Cyclic quadrilaterals are quadrilaterals with all four of their vertices on a circle.
You can have cyclic polygons of any number of sides.
Not all quadrilaterals are cyclic. Perhaps you can draw a quadrilateral that is not cyclic - how do you know it is not cyclic?
All triangles are cyclic - how could you prove this?
Cyclic quadrilaterals have some interesting features and in this brief article we invite you to look at some of them and we suggest ideas for looking further:
Consider any cyclic quadrilateral $P Q R S$ with vertices on a circle centre $C$.
Draw chord $Q S$ and radii $P C$, $Q C$ and $S C$.
Let angle $Q P C=x$ degrees and angle $S P C=y$ degrees.
This means that angle $Q P S=(x+y)$ degrees.
The angles of the isosceles triangle $P Q C$ are $x$ degrees, $x$ degrees and $(180-2x)$ degrees.
The angles of the isosceles triangle $P S C$ are $y$ degrees, $y$ degrees and $(180-2y)$ degrees.

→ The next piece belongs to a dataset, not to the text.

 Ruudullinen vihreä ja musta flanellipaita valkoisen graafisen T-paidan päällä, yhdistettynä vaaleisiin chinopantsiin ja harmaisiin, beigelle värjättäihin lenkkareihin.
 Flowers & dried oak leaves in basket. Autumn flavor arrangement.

Angle $Q C S=360$ degrees $-$ angle $Q C P -$ angle $S C P=(2x+2y)$ degrees.
This shows that angle $Q C S$ is twice angle $Q P S$.

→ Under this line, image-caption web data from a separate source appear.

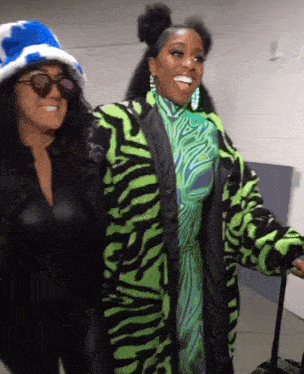 two women are standing next to each other and one is wearing a green zebra print coat
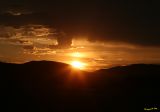 Clouds Sun and mountains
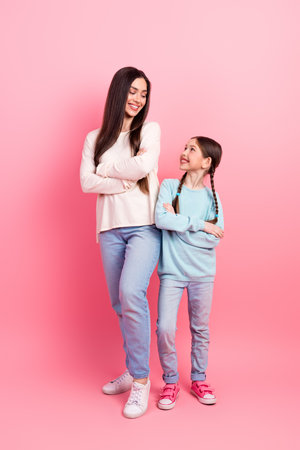 Happy mother and daughter bonding over a moment of joy together against a vibrant pink vertical backgroundの写真素材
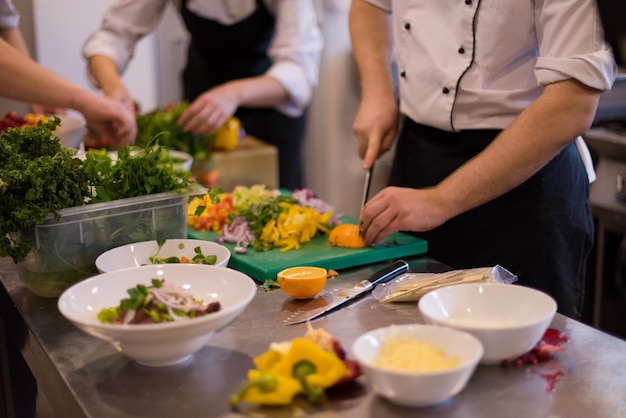 Equipe profissional de cozinheiros e chefs preparando a refeição em um hotel movimentado ou cozinha de restaurante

We say that angle $Q P S$ is subtended by the arc $Q R S$ and this basic property leads to the following theorems.
You might like to use the Geoboard environment to help investigate these ideas practically before moving into the theory.
The angle at the centre of a circle is twice the angle at the circumference subtended by the same arc.
Because angle $Q C S$ is the same for all positions of $P$, Theorem 1 shows angle $Q P S$ is the same regardless of where $P$ lies.
See this problem for a practical demonstration of this theorem.
All angles in the same segment of a circle are equal (that is angles at the circumference subtended by the same arc).
The angle subtended by a semicircle (that is the angle standing on a diameter) is a right angle. See this problem for a practical demonstration of this theorem.
Opposite angles of a cyclic quadrilateral add up to 180 degrees. See this problem for a practical demonstration of this theorem.